Burst Encoding¶
Burst Encoding is a technique employed to encode information by leveraging two time-based characteristics of a single spike train: the number of spikes (SpikeNumber) and the inter-spike interval (ISI). This method is particularly effective when the goal is to encapsulate both the density of spikes and the timing between them into a unified encoding scheme.
Algorithm Overview:
Burst Encoding follows these steps:
Calculate Spike Number:
The algorithm first determines the number of spikes in a burst using the normalized signal rate and the maximum number of spikes:
\[\text{SpikeNumber} = \lceil \text{rate} \cdot N_{\text{max}} \rceil\]Here, SpikeNumber is the number of spikes calculated for each segment of the signal, and rate is derived from a normalization procedure.
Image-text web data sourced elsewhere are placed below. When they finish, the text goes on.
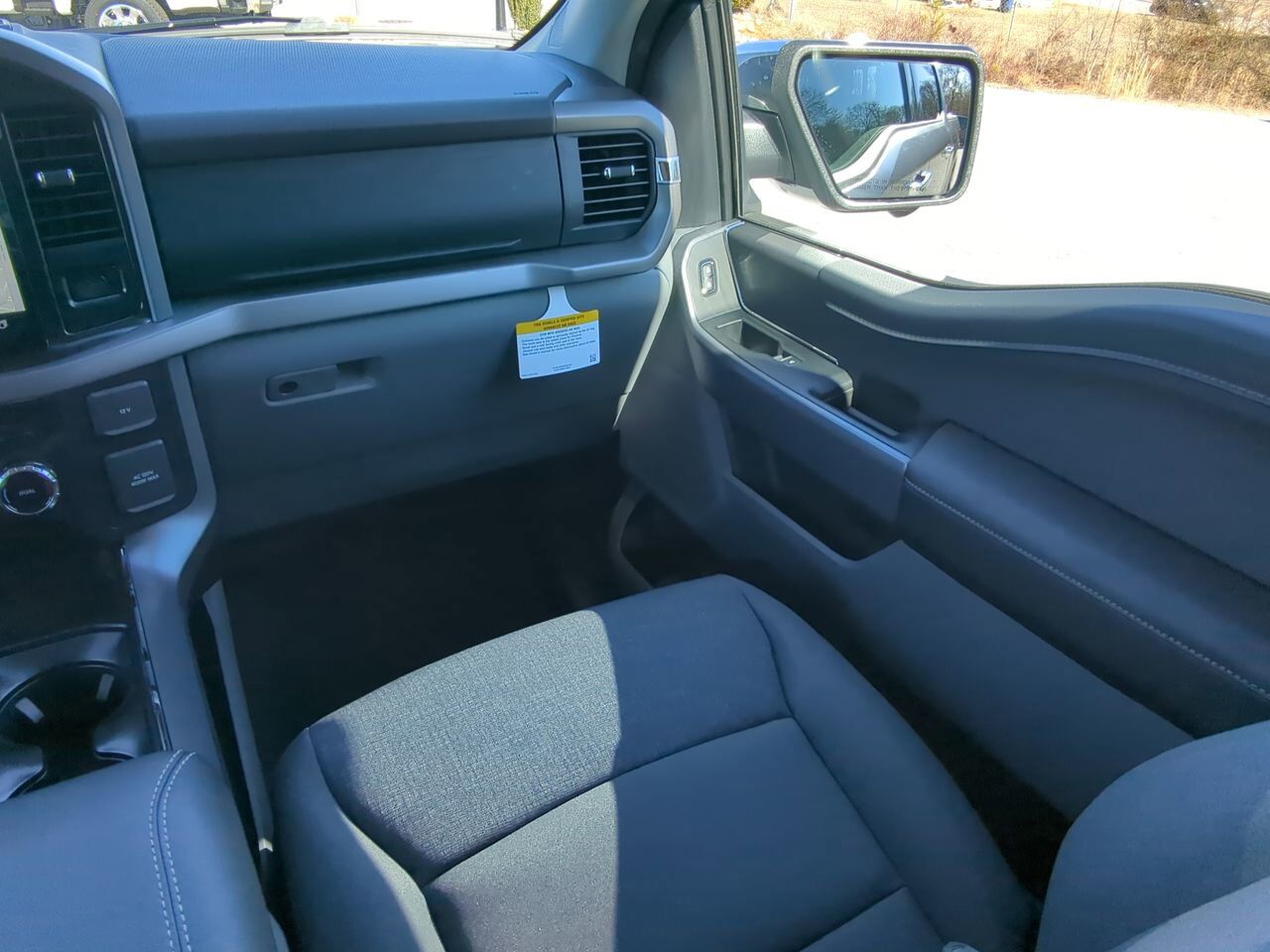 2026 Ford F-150 XLT Appleton WI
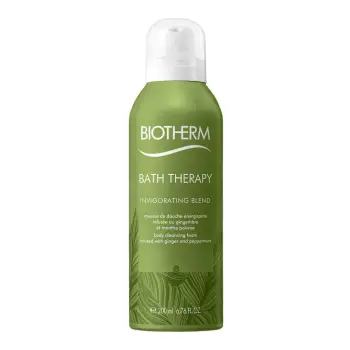 BATH THERAPY INVI FOAM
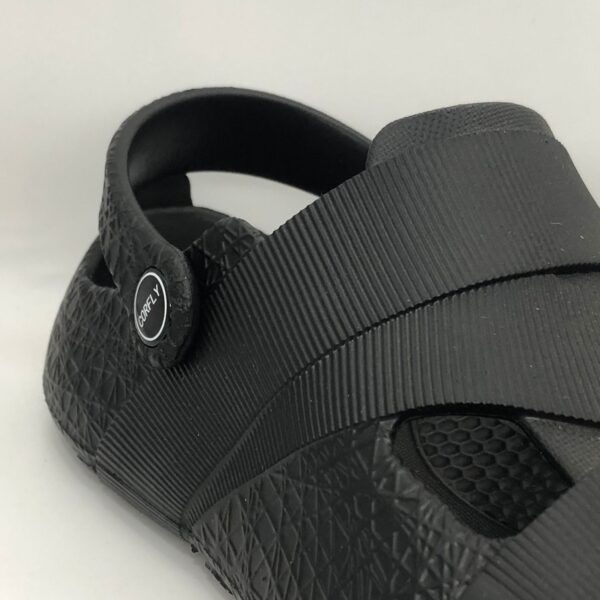 Crocs Corfly - Imagem 4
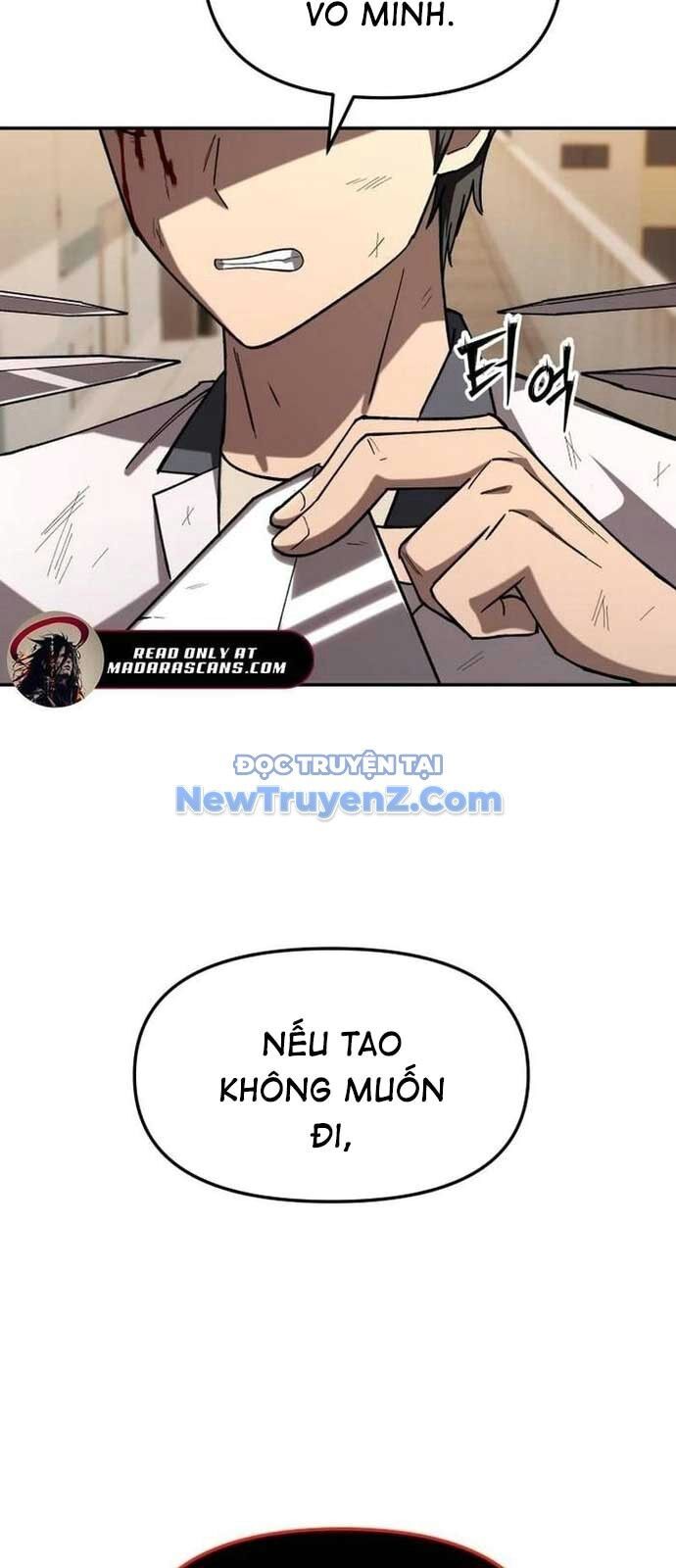 Thiên Ma Giáo - Chapter 18 - Page 16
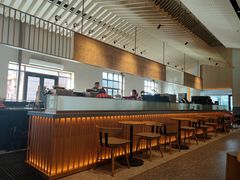 -星巴克臻选(嘉定疁城国际店)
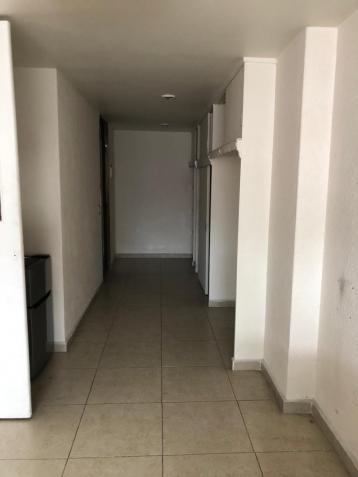 Oficina en Renta, LA PAZ - EDIFICIO MARINA # | Se encuentra ubicado en La Paz , Puebla | 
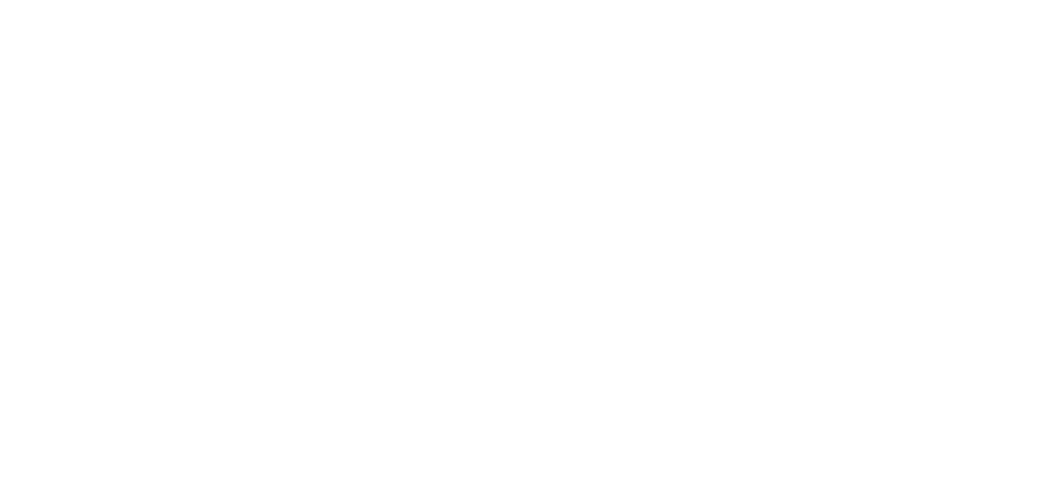 ETH GROUP
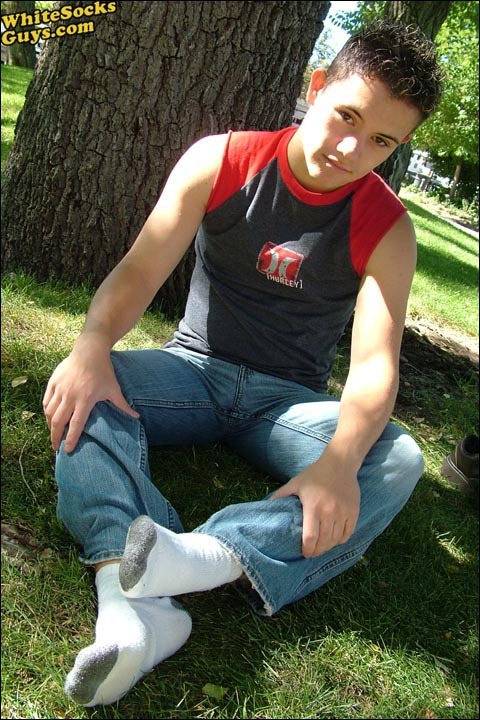 Gayftlove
Determine Inter-Spike Interval (ISI):
The ISI between spikes is calculated based on the difference between t_max and t_min, scaled by the normalized signal rate:
\[\begin{split}\text{ISI} = \begin{cases} \left\lceil \frac{t_{\text{max}} - \text{rate}(t_{\text{max}} - t_{\text{min}})}{t_{\text{max}}} \right\rceil & \text{if SpikeNumber} > 1 \\ t_{\text{max}} & \text{otherwise} \end{cases}\end{split}\]The ISI determines the timing between consecutive spikes within each burst.
Spike Train Construction:
Based on the calculated SpikeNumber and ISI, the algorithm constructs a spike train where bursts of spikes are placed at the calculated intervals.
Implementation Steps:
Normalize the Signal: The input signal is normalized to obtain the rate, which influences both the SpikeNumber and the ISI.
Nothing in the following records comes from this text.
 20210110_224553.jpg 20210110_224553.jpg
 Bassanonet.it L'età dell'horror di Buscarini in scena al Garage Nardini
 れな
Calculate Spike Numbers and ISI: Using the normalized rate, determine the number of spikes and their inter-spike intervals.
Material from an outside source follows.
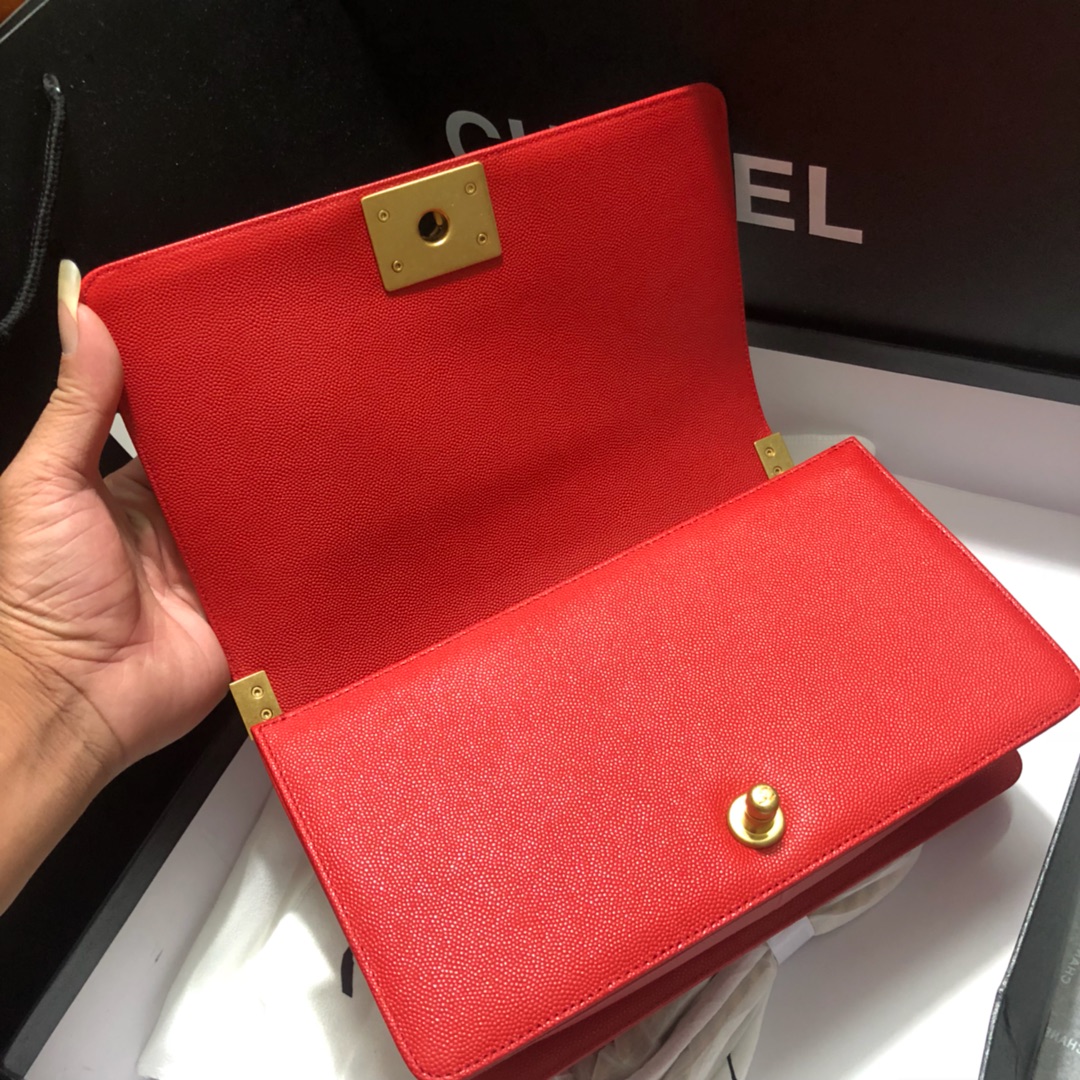 CHANEL-36 - 图片 16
Generate the Spike Train: Construct the spike train based on the calculated parameters, ensuring that the burst structure is maintained.
Advantages:
This encoding method is particularly useful in neural data analysis and other areas where time-based spike data needs to be efficiently encoded.
For a practical implementation in Python, see the Burst Encoding Function.
References:
Guo et al. (2021). “Burst Encoding Techniques for Neural Spike Trains.” Journal of Neuroscience Methods.